▶ **Assignment**
Every line below from the one with "20 CF Oxygen Cylinder Tank (Empty)" through the one with "سطل برنج و قند|ظروف" should be retyped exactly, both ends included; no other lines and no pictures.
START Data for this task
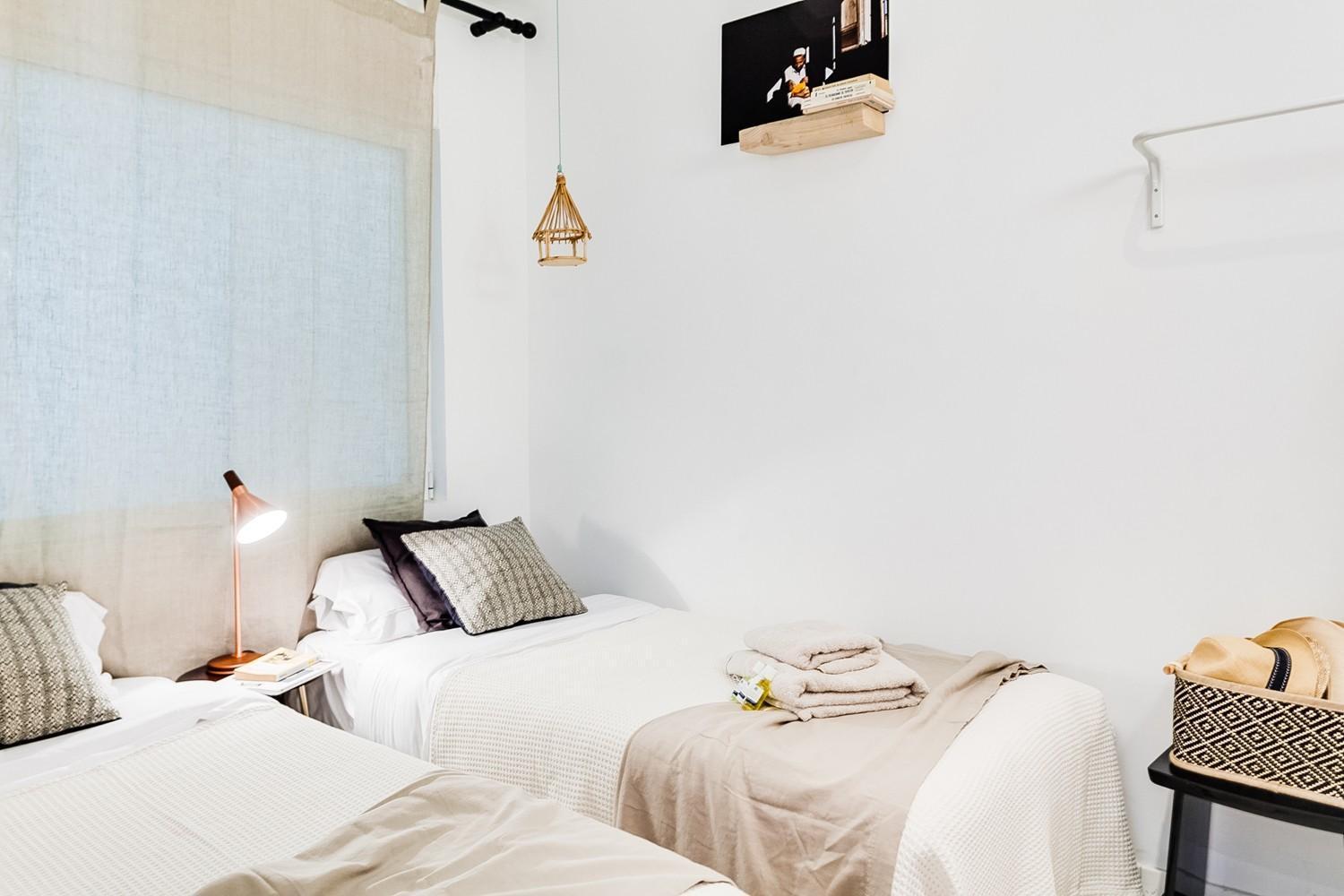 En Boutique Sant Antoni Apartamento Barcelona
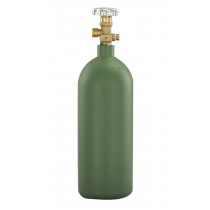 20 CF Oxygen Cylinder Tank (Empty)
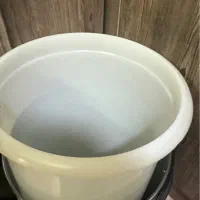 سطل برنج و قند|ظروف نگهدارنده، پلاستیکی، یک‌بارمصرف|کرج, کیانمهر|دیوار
END Data for this task
START Data for this task
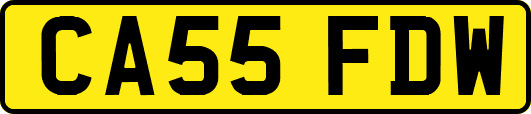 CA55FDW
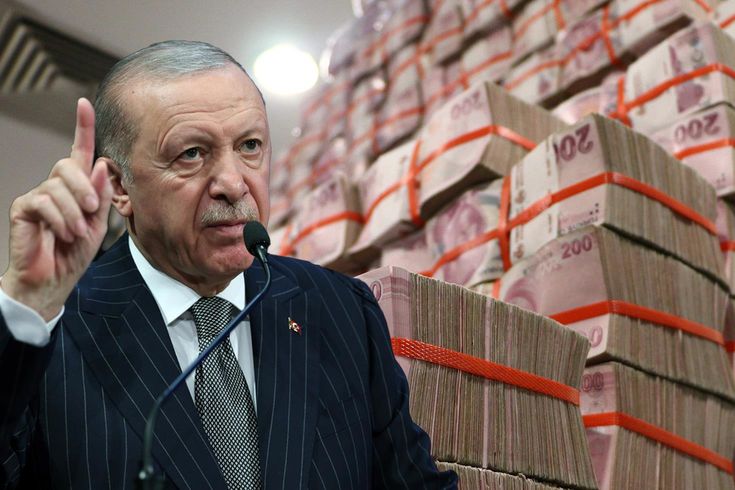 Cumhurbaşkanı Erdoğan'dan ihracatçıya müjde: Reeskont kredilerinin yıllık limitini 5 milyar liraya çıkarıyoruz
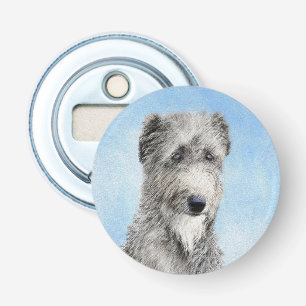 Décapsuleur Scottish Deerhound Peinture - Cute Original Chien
END Data for this task
START Data for this task
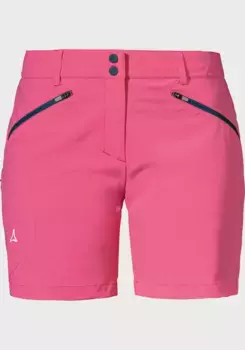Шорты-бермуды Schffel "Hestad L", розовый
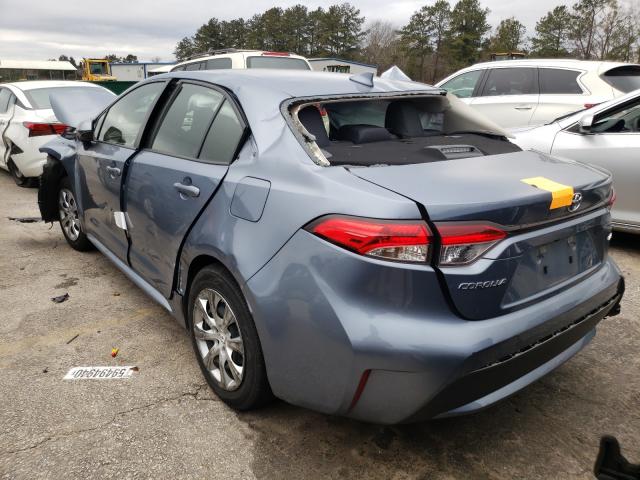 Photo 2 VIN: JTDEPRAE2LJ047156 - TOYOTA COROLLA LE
END Data for this task
▶ **Finished exercise**
 20 CF Oxygen Cylinder Tank (Empty)
 سطل برنج و قند|ظروف نگهدارنده، پلاستیکی، یک‌بارمصرف|کرج, کیانمهر|دیوار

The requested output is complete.